■ Your assignment
Span requested from the data below: the line with "Grau quer Nachbildung" through the line with "Fototapeta premium Lone", both included. Give only these lines again, exactly, and leave every picture out.
** Opening Data to examine block **
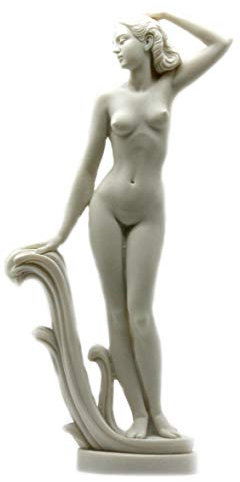 Statue Göttin Aphrodite, nackte Venus, weibliche Figur, Alabaster-Statue, Skulptur, 31 cm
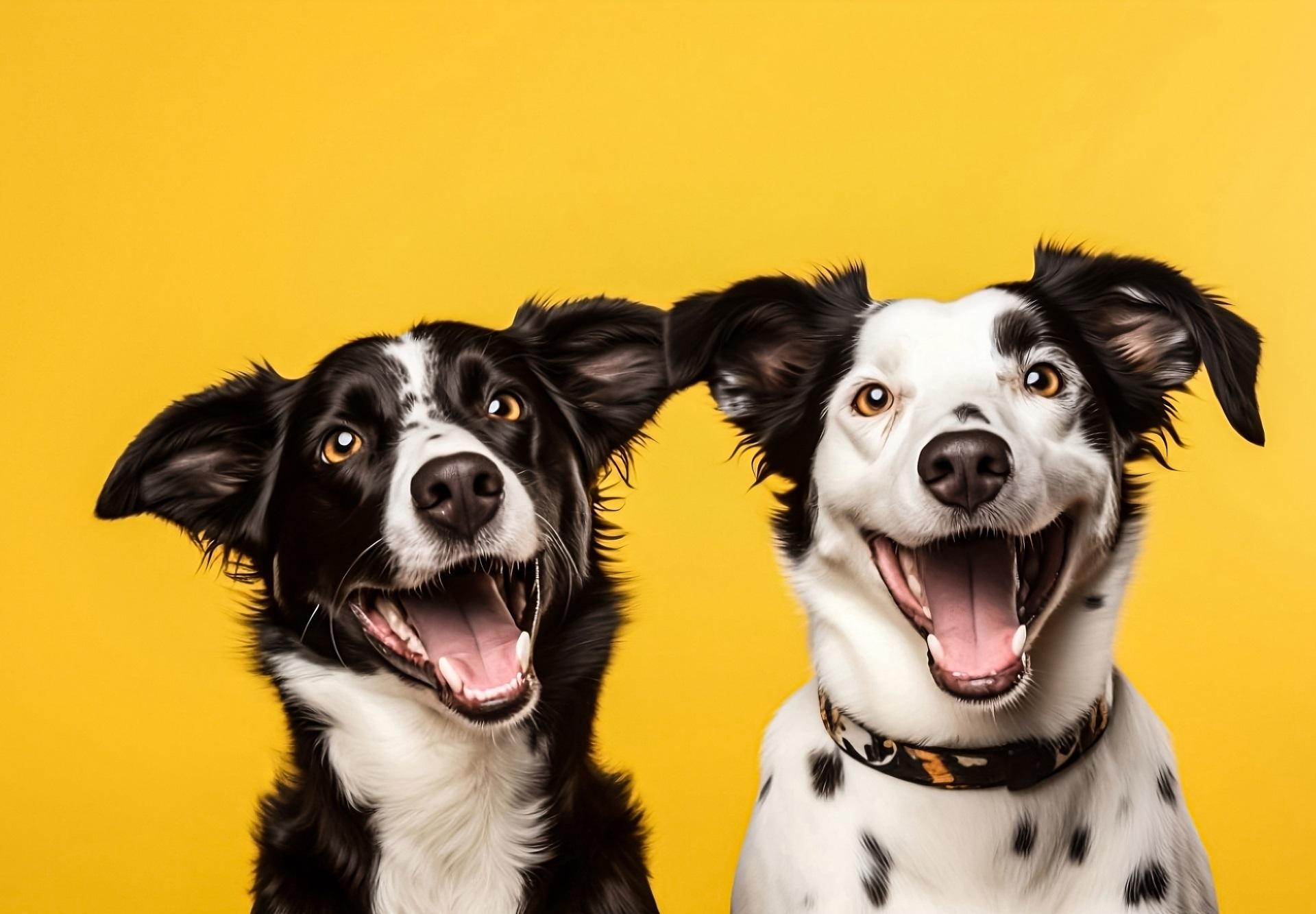Cute white doggy family: funny couple of dogs in hats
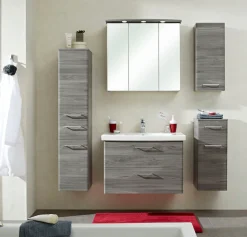 Saphir Hängeschrank »Quickset 916 Wand-Badschrank 30 cm breit mit 1 Tür, 2 Einlegeböden« Badezimmer-Hängeschrank Sangallo Grau quer Nachbildung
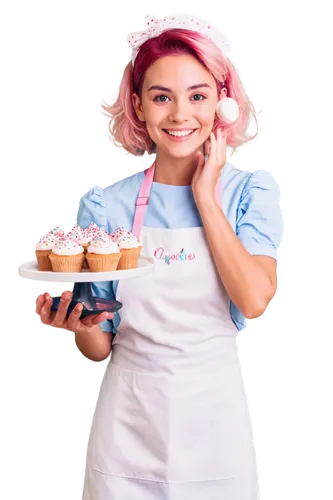 Cute girl, pastry chef, pink hair bow, sweet smile, white apron, colorful sprinkles, holding tray of cupcakes, pink cheeks, gentle gaze, soft natural lighting, 3/4 composition, pastel color tone, roun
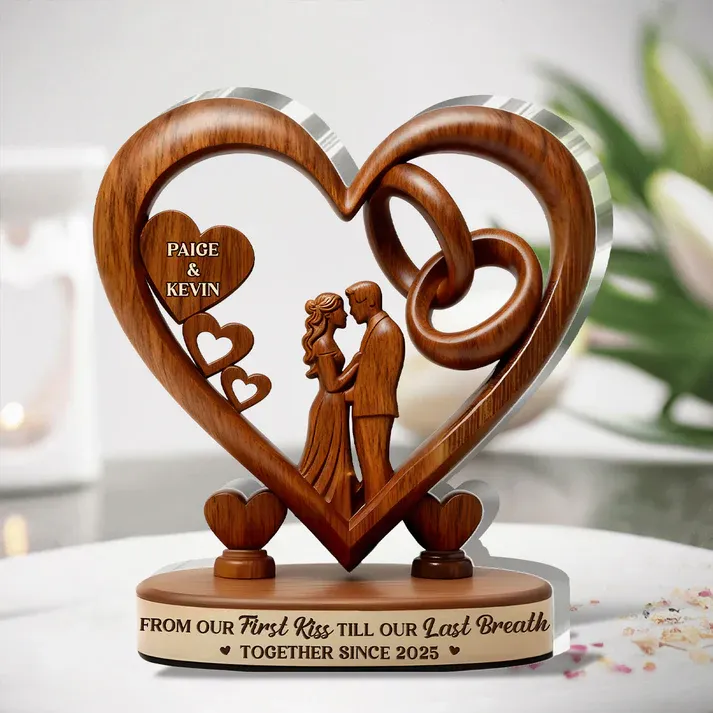 From Our First Kiss Till Our Last Breath - Personalized Custom Shaped Squared Acrylic Plaque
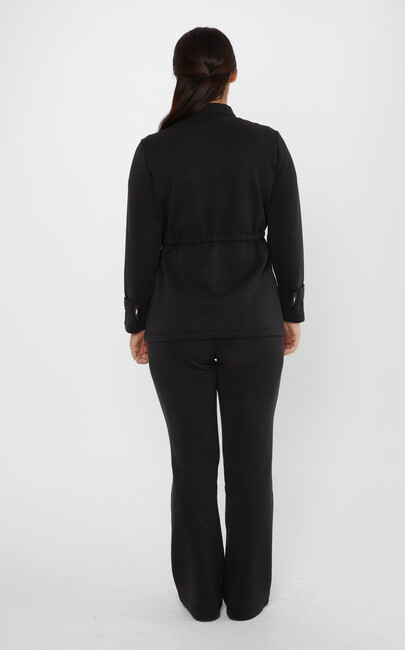 Women's Tracksuit Button Detail Black - 17622 | KAZEE - Thumbnail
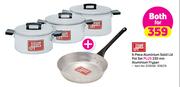 Hart 6 Piece Aluminium Solid Lid Pot Set Plus 230mm Aluminium Frypan-For Both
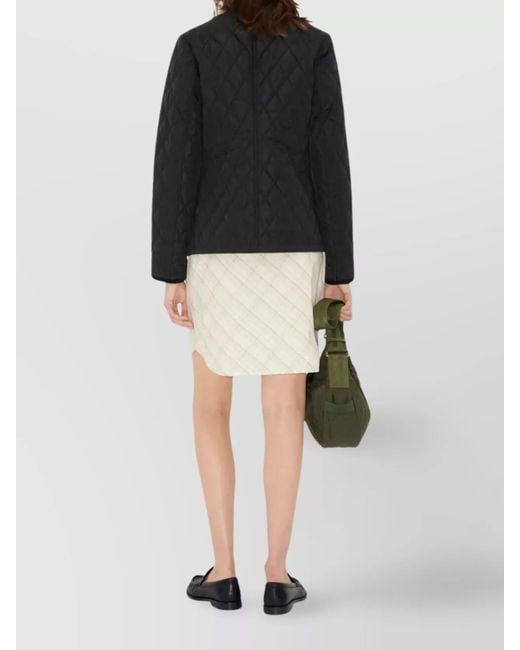 Burberry Black Quilted Nylon Jacket Check Lining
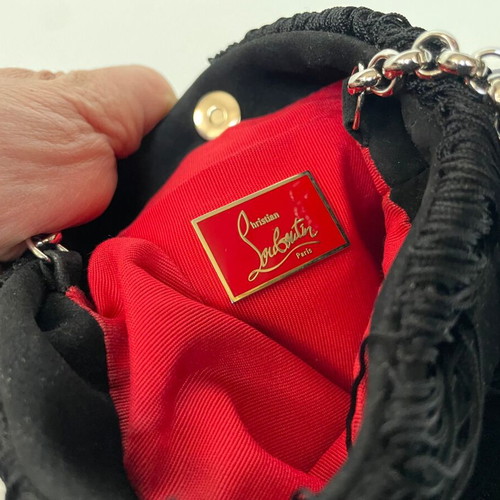 Christian Louboutin crossbody suede bag like new, black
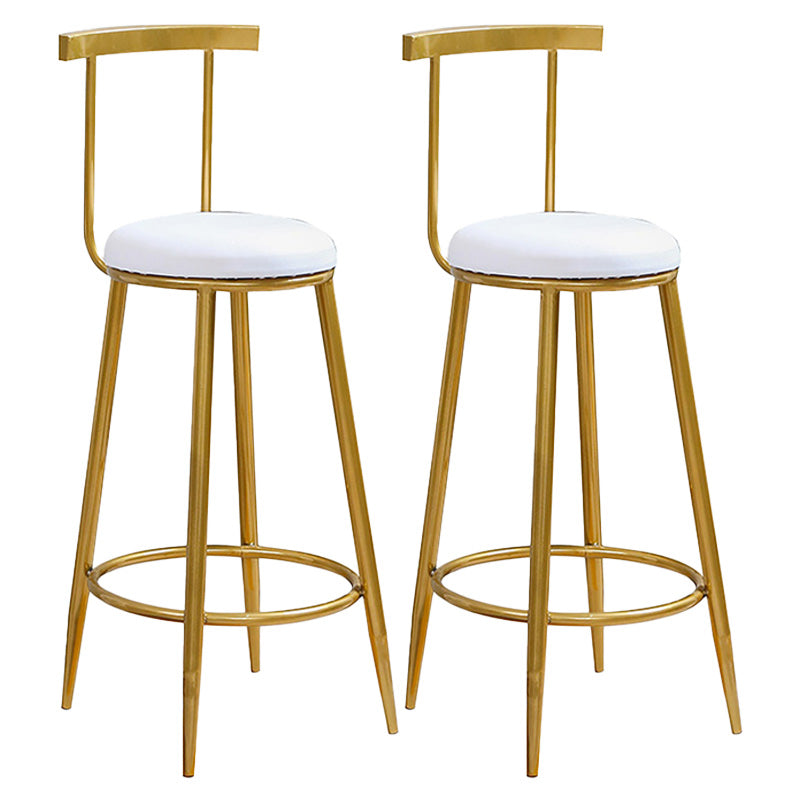 Glam Round Counter Bar Stool White Leather Bar Stool with Footrest in Gold 2 Piece Set Bar Stool(30"H) Clearhalo 'Bar Furniture' 'Bar Stools' 'bar_stools' 'furn' 'furn_bar_stools' 'furniture_bar_stools' 'Kitchen & Dining Furniture' 'kitchen&dining_furn' 'kitchen' 'kitchen_furn' Furniture' 4587028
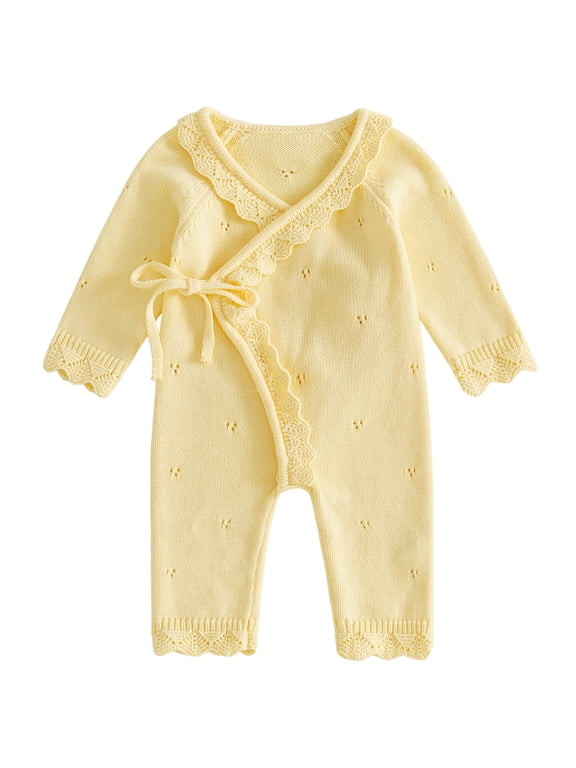Newborn Infant Girl Front Tie Knit Romper 3 6 Months Scallop Trim V Neck Long Sleeve Jumpsuit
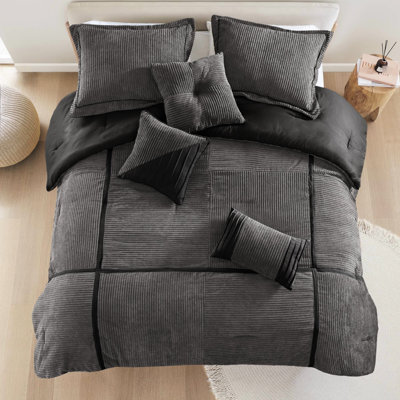 Corduroy Comforter King Grey - 11.64 Lb Product Weight, Construction Bedding 102.96 In Depth, Spacious Fit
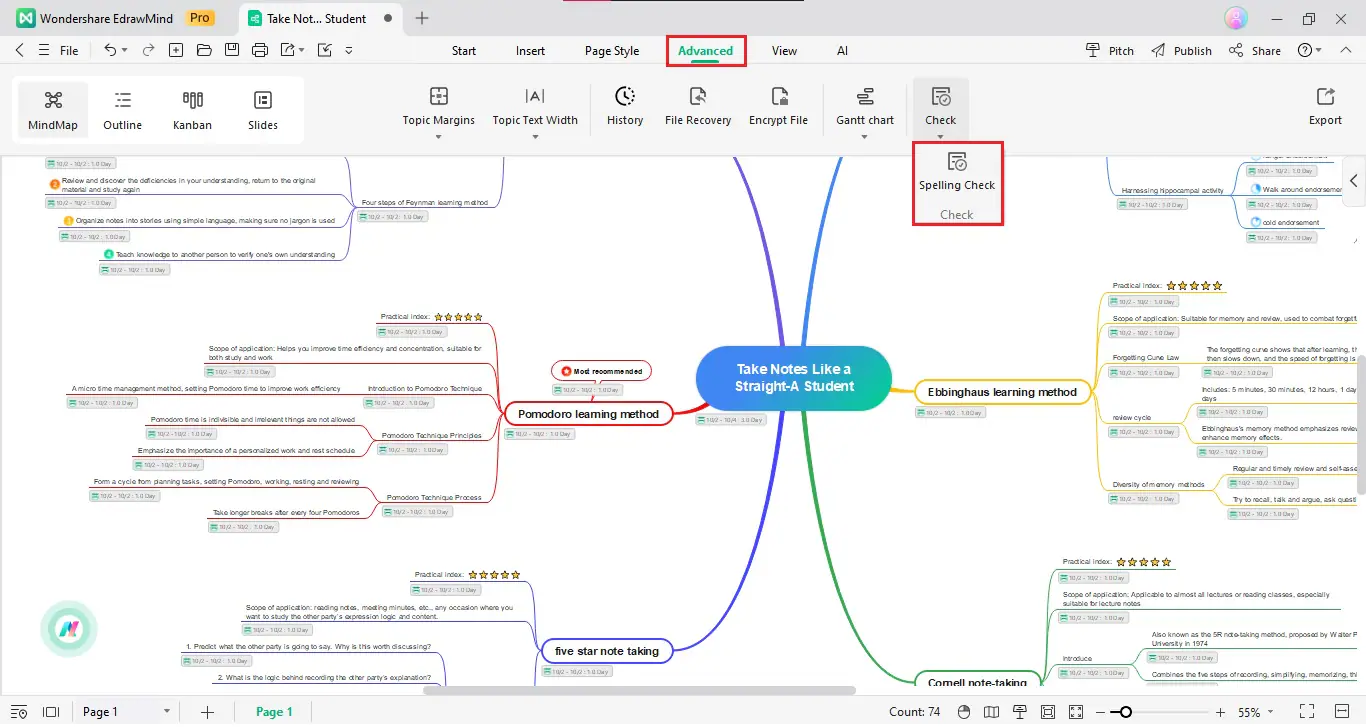 spelling check feature of edrawmind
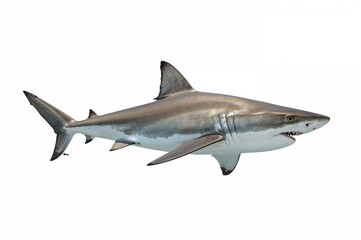 Fototapeta premium Lone shark on a plain white backdrop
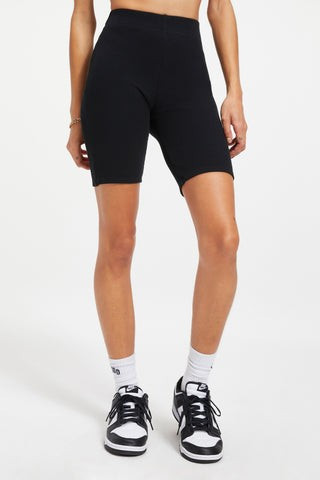 High Waisted Thermal Bike Short Black001, Plus Size 5 | Good American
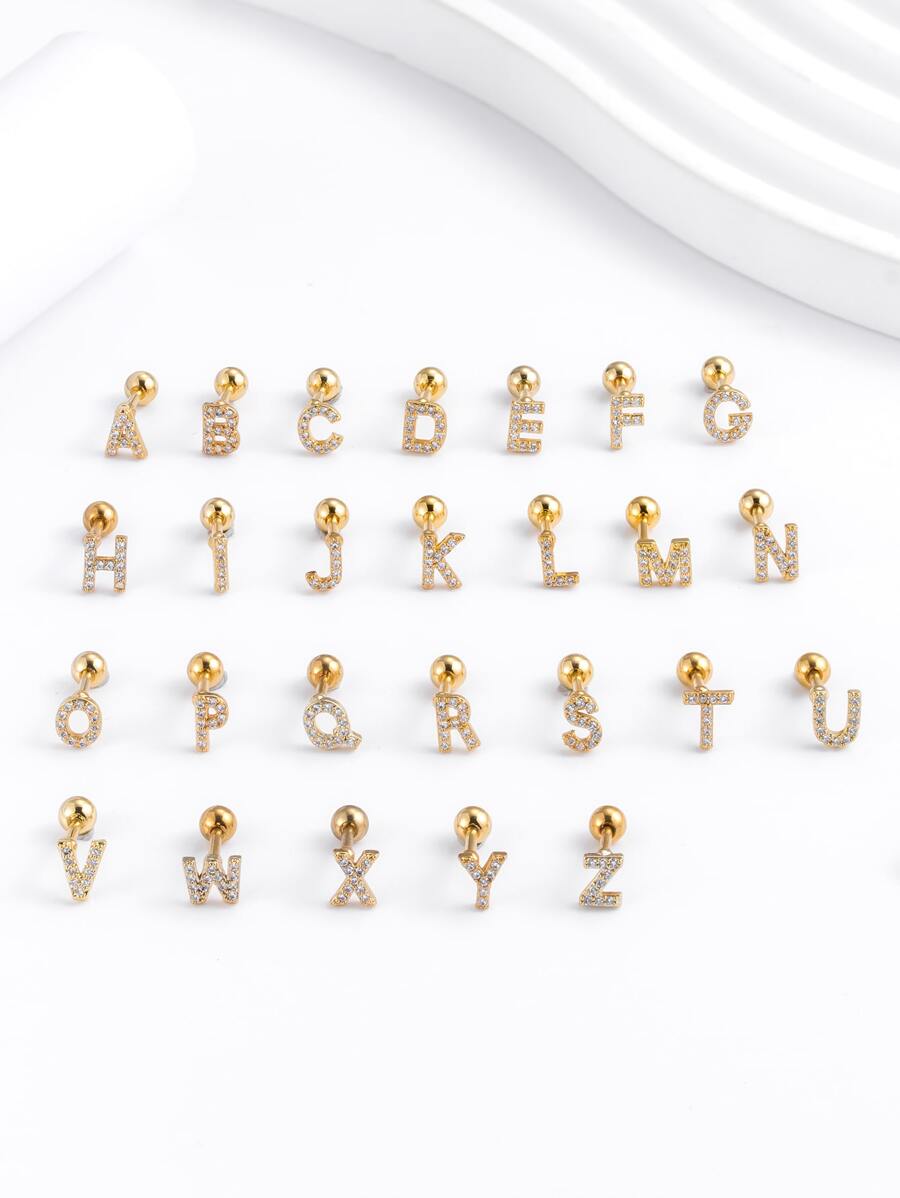 方晶鋯石字母裝飾耳釘 - 金黃色 - 查看 1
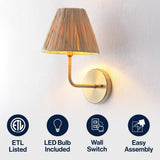 Malaya Bohemian Coastal Metal Pleated Paper Shade LED Vanity Light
** Closing Data to examine block **
■ Task answer
 Saphir Hängeschrank »Quickset 916 Wand-Badschrank 30 cm breit mit 1 Tür, 2 Einlegeböden« Badezimmer-Hängeschrank Sangallo Grau quer Nachbildung
 Cute girl, pastry chef, pink hair bow, sweet smile, white apron, colorful sprinkles, holding tray of cupcakes, pink cheeks, gentle gaze, soft natural lighting, 3/4 composition, pastel color tone, roun
 From Our First Kiss Till Our Last Breath - Personalized Custom Shaped Squared Acrylic Plaque
 Women's Tracksuit Button Detail Black - 17622 | KAZEE - Thumbnail
 Hart 6 Piece Aluminium Solid Lid Pot Set Plus 230mm Aluminium Frypan-For Both
 Burberry Black Quilted Nylon Jacket Check Lining
 Christian Louboutin crossbody suede bag like new, black
 Glam Round Counter Bar Stool White Leather Bar Stool with Footrest in Gold 2 Piece Set Bar Stool(30"H) Clearhalo 'Bar Furniture' 'Bar Stools' 'bar_stools' 'furn' 'furn_bar_stools' 'furniture_bar_stools' 'Kitchen & Dining Furniture' 'kitchen&dining_furn' 'kitchen' 'kitchen_furn' Furniture' 4587028
Newborn Infant Girl Front Tie Knit Romper 3 6 Months Scallop Trim V Neck Long Sleeve Jumpsuit
 Corduroy Comforter King Grey - 11.64 Lb Product Weight, Construction Bedding 102.96 In Depth, Spacious Fit
 spelling check feature of edrawmind
 Fototapeta premium Lone shark on a plain white backdrop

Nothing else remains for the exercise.